[[ Record set open ]]

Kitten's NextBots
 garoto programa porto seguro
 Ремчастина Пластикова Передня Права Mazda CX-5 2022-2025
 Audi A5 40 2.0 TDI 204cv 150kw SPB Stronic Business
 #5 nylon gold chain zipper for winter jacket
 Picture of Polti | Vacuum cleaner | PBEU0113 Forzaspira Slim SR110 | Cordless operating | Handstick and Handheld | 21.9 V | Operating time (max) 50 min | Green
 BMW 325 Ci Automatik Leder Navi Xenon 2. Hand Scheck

[[ Record set closed ]]
[[ Record set open ]]

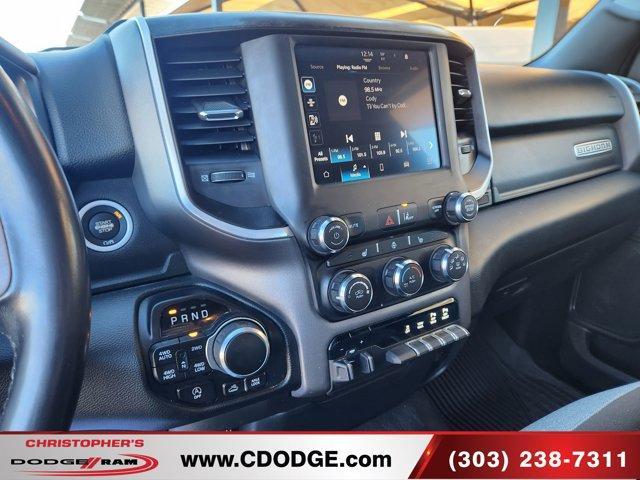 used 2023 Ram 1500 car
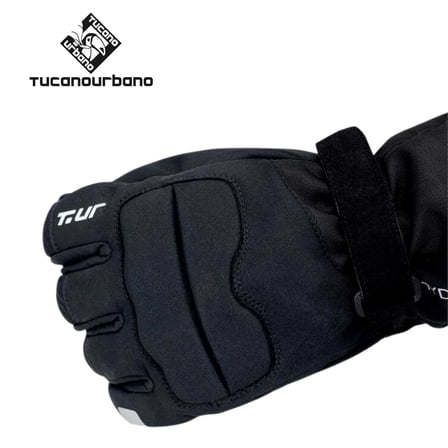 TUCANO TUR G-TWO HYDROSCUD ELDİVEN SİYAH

[[ Record set closed ]]
[[ Record set open ]]

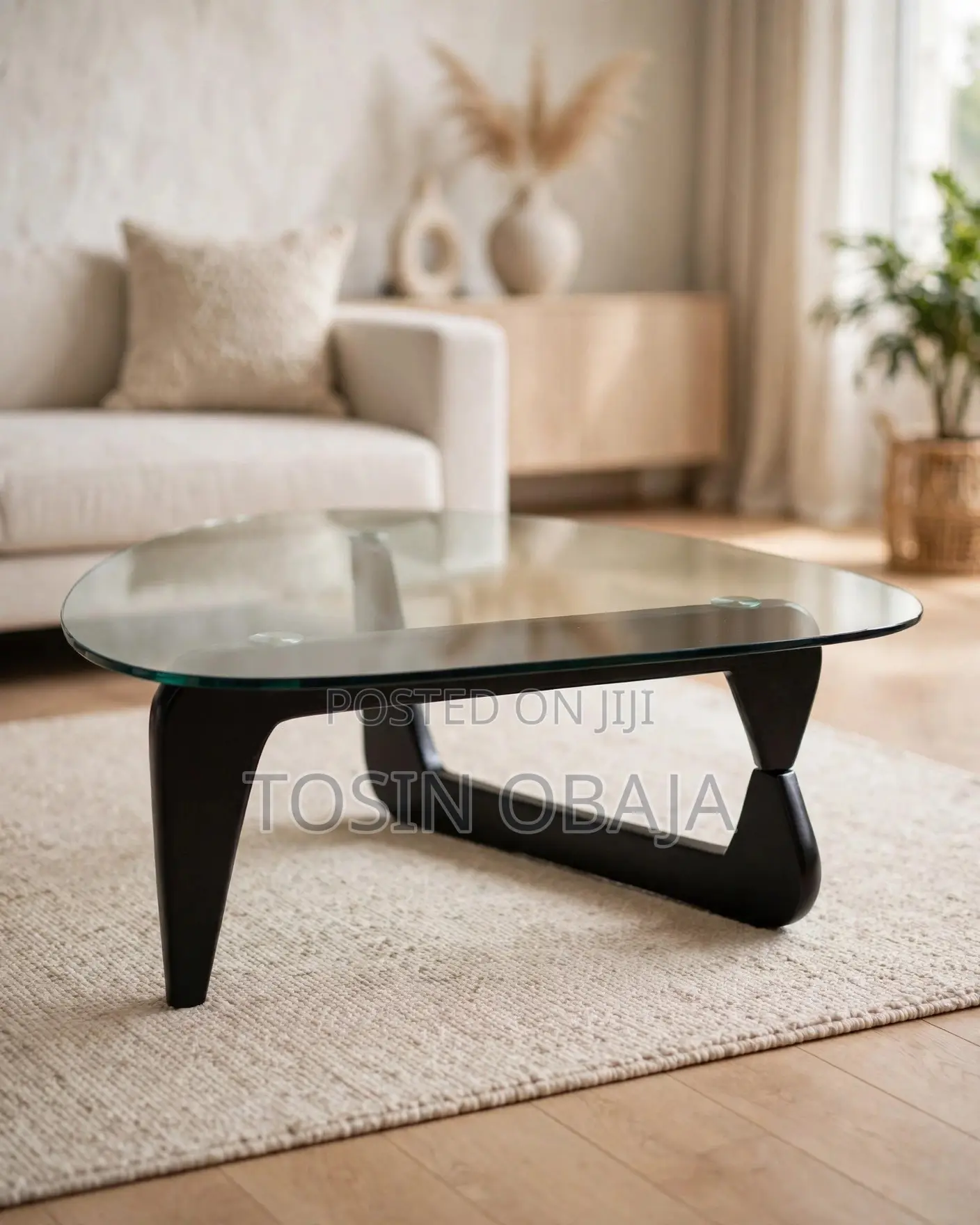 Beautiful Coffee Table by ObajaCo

[[ Record set closed ]]

● Exercise directions
The lines to extract from the data above begin with the line containing "Ремчастина Пластикова Передня" and end with the line containing "Picture of Polti". Extract them exactly, including both.

● Exercise response
 Ремчастина Пластикова Передня Права Mazda CX-5 2022-2025
 Audi A5 40 2.0 TDI 204cv 150kw SPB Stronic Business
 #5 nylon gold chain zipper for winter jacket
 Picture of Polti | Vacuum cleaner | PBEU0113 Forzaspira Slim SR110 | Cordless operating | Handstick and Handheld | 21.9 V | Operating time (max) 50 min | Green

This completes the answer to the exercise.